Alexis
Tsipras ha un nuovo obiettivo di governo: la Chiesa ortodossa. Obiettivo
difficile, specialmente in un periodo in cui il governo della sinistra greca
non appare affatto sulla cresta dell’onda (gli ultimi sondaggi lo danno
parecchi punti sotto il blocco di centrodestra). Ma che non sembra essere così
distante dall’agenda politica dell’esecutivo guidato da Syriza.
Il primo
segnale è arrivato a novembre, quando il capo del governo e l’arcivescovo
Ieronymos, capo della Chiesa ortodossa greca, hanno annunciato la decisione di
eliminare la tradizionale definizione dei religiosi come dipendenti dello
Stato. Un annuncio che riguarda 9mila fra preti e vescovi, e che ha radice
nella volontà di Tsipras di secolarizzare la Grecia togliendo il cristianesimo
come religione di Stato. Il tutto prevedendo un accordo che faccia comunque
arrivare il denaro attraverso delle sovvenzioni e a patto che lo Stato entri
nella gestione del ricchissimo patrimonio della Chiesa ellenica: il più grande
proprietario terriero in Grecia.
Un do ut des
che spacca il Paese. Per i sostenitori del piano di Tsipras, l’idea è che
questo sia il primo passo verso un processo di laicizzazione della Grecia. Un
obiettivo a lungo agognato dalla sinistra radicale ellenica, di cui il primo
ministro doveva essere il garante e rappresentante, che da sempre spera in una
rimozione del forte connotato religioso che impernia la Grecia profonda e anche
la politica del Paese, soprattutto nell’area conservatrice.
Ma per i
critici del governo, questo piano trova un attacco a tenaglia sia da destra che
da sinistra. Da sinistra, considerano la riforma di Tsipras uno specchietto per
le allodole. I soldi entreranno comunque nelle casse della Chiesa di Grecia non
più tramite elargizione diretta al clero come dipendenti pubblici, ma tramite
sovvenzioni.

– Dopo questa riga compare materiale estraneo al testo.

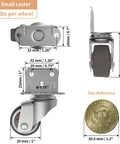 Diagram showing 1-Inch Small L Shaped Plate Casters Swivel Furniture Wheels, TPR, steel bracket, size reference with coin.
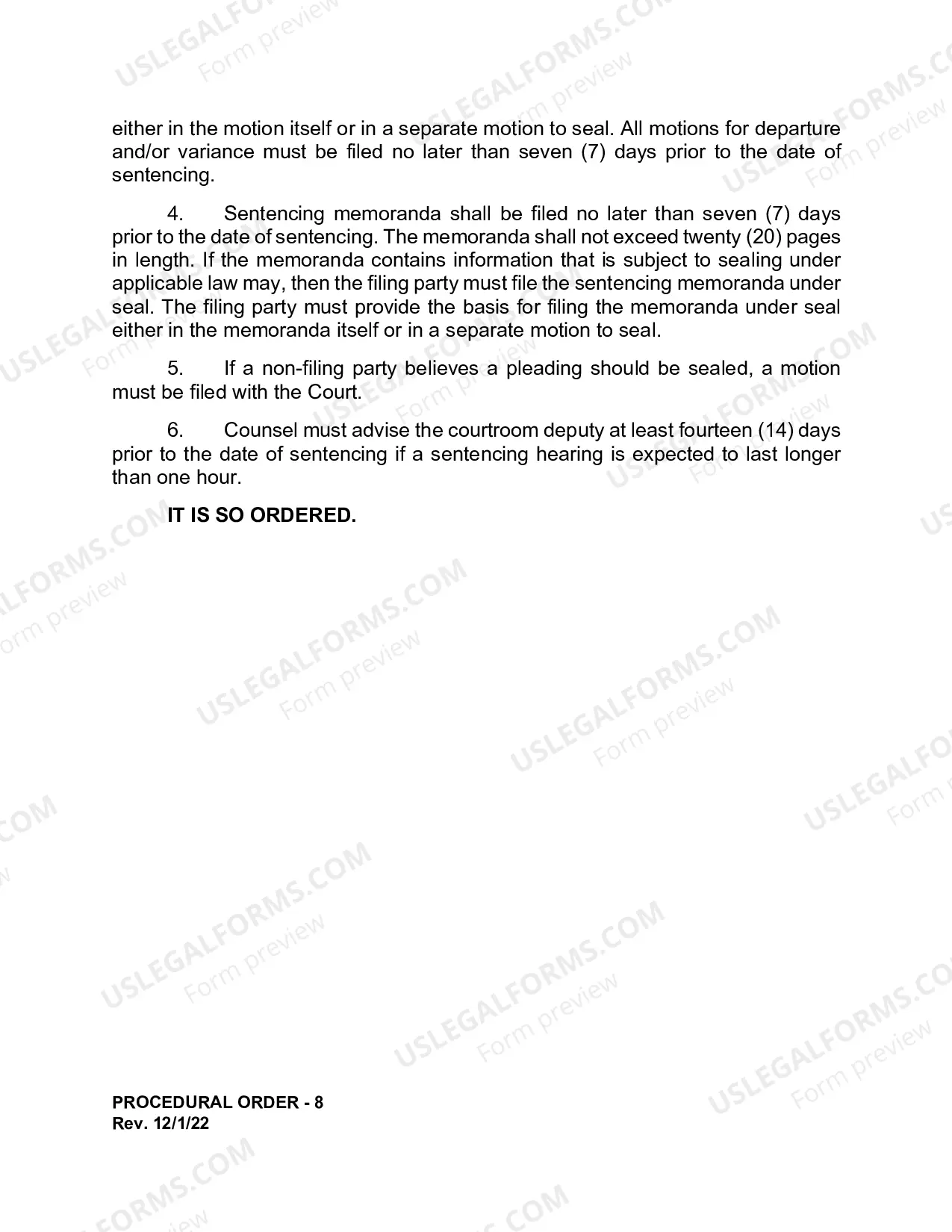 Preview Criminal Procedural Order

E l’idea è che dietro ci sia solo un tornaconto elettorale per
ingraziarsi il bacino della sinistra estrema, deluso dagli ultimi accordi con
l’Europa e la Troika.
Ma, a
destra, per la parte più conservatrice del Paese, questo accordo rappresenta un
colpo a un vero e proprio pilastro della Grecia: l’assoluta unità fra fede e
popolo, ma anche fra Chiesa e Stato.
Un’unità
rappresentata già nella costituzione del Paese, che all’articolo 3 definisce il
cristianesimo ortodosso come “la religione predominante in Grecia”. E anche il
fatto che la seconda sezione della norma fondamentale di Grecia parli
apertamente di religione, di rapporti fra Stato e Chiesa e di autocefalia della
Chiesa di Atene, è un segnale chiarissimo del radicamento dei due poteri.
Del resto,
che questa unità fra Chiesa e Stato sia indice anche di un profondo legame fra
popolo e fede, è dato anche dall’analisi dei sondaggi sulla spiritualità della
popolazione greca. Ad oggi, la Grecia rappresenta uno dei Paesi europei dove è
più sentita non solo l’appartenenza a una confessione religiosa, ma anche la
stessa fede in Dio. Un’analisi del Pew Reasearch Institute del 2017 spiega in
maniera molto netta la forte connotazione religiosa della Grecia. Il 92% degli
adulti intervistati in Grecia ha affermato di credere nell’esistenza di Dio,
una media simile a quella di tutta l’Europa orientale, ma nettamente superiore
rispetto all’Europa occidentale. E il 76% degli intervistati ha affermato di
considerare molto importante l’appartenenza alla Chiesa ortodossa per la
propria identità nazionale.
Partendo da
questi numeri, è evidente che Tsipras non possa muovere guerra alla Chiesa,
perché oltre a rappresentare un potere estremamente importante nella
costruzione della stessa Grecia, è anche un pilastro della vita di milioni di
cittadini: e quindi di elettori. Tanto è vero che lo stesso primo ministro, pur
non ritenendosi religioso e provenendo dai ranghi del comunismo ellenico, ha
sempre tenuto un profilo di profondo rispetto verso la Chiesa greca,
consapevole che essa rappresenta un elemento imprescindibile della cultura e
anche della stessa ideologia che permea il Paese.
Un elemento
che negli ultimi tempi appare però sempre più inserito in una sfida politica
che ha anche una prospettiva internazionale. La dimostrazione è arrivata anche
dallo scontro sull’accordo fra Macedonia e Grecia per il nome della Repubblica
macedone. In quell’occasione, la Chiesa di Grecia aveva espresso la propria
contrarietà al patto con Skopje e la comunità monastica del Monte Athos era
stata individuata come una sorta di centrale nazionalista che si opponeva
all’accordo. E anche in quell’occasione, in molti videro un collegamento fra
l’ostilità della Chiesa al negoziato, l’unità fra nazionalisti e clero e la
contemporanea opposizione della Russia.
Anche in
quel caso, come spesso accade in questi ultimi anni, la Chiesa ortodossa venne
accusata di essere una sorta di longa manus culturale del Cremlino. E la sfida
fra Oriente e Occidente in Europa orientale passa anche per la Chiesa
ortodossa: Ucraina docet.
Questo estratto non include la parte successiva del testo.